Personal information
- Born: 25 May 1985 (age 40)
- Original team: Old Carey / Oakleigh U18 (TAC Cup)
- Debut: Round 14, 3 July 2004, Collingwood vs. Hawthorn, at Melbourne Cricket Ground

Playing career^{1}
- Years: Club / Games (Goals)
- 2004–2006: Collingwood / 26 (8)
- ^{1} Playing statistics correct to the end of 2006.

= Julian Rowe =

Australian rules footballer, born 1985

Julian Rowe (born 25 May 1985) is an Australian rules footballer with the Old Carey Football Club in the Victorian Amateur Football League, formerly with the AFL's Collingwood Football Club.

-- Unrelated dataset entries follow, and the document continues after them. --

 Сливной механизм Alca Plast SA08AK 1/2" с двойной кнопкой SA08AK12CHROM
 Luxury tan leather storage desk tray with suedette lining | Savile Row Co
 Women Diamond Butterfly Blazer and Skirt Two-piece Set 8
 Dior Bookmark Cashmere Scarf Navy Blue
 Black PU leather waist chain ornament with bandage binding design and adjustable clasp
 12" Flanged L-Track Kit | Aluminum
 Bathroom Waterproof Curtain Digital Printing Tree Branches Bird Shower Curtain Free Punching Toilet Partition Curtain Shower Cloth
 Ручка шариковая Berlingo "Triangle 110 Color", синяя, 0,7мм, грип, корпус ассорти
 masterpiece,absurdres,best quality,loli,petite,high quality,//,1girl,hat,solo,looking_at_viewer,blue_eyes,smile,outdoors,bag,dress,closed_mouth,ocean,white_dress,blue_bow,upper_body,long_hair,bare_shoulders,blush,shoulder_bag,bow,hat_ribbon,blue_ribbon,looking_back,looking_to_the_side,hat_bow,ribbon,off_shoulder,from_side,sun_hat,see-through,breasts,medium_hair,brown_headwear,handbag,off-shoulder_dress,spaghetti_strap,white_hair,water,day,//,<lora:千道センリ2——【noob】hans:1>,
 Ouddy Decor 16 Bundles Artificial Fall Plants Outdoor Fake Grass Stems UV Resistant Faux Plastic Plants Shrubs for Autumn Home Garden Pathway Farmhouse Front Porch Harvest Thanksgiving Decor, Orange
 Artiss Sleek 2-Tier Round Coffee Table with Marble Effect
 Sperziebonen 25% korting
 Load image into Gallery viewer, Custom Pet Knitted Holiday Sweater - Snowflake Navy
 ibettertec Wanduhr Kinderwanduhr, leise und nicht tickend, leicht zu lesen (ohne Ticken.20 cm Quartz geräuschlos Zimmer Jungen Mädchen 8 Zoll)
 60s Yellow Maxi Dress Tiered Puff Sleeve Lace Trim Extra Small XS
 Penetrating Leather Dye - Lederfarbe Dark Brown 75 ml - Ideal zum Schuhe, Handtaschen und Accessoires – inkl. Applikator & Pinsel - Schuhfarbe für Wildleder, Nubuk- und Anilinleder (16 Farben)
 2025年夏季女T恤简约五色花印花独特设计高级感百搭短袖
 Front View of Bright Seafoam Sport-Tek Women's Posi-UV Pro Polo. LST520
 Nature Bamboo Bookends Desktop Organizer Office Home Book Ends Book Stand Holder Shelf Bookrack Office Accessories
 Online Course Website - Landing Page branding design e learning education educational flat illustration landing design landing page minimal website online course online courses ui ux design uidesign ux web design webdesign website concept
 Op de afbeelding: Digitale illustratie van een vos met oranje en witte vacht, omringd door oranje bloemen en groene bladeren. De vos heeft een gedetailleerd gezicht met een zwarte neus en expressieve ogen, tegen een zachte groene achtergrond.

Originally from Old Carey, the youngster was considered a 'surprise pick' in the 2003 AFL draft by Collingwood coach Mick Malthouse because Rowe was still available at No. 60 overall. He made his senior debut mid-season and showed potential of becoming a long-term midfielder/half-forward, having a good debut season, playing 8 games. In 2005 he started with a string of games, becoming a regular, before being dropped despite lifting his form. He managed only 2 games in 2006 and was delisted at the end of the season.

Rowe joined Port Melbourne in 2007, along with the other Magpies Brayden Shaw and David Fanning.
He has now gone back to his original club Old Carey which plays in the Premier section of the VAFA.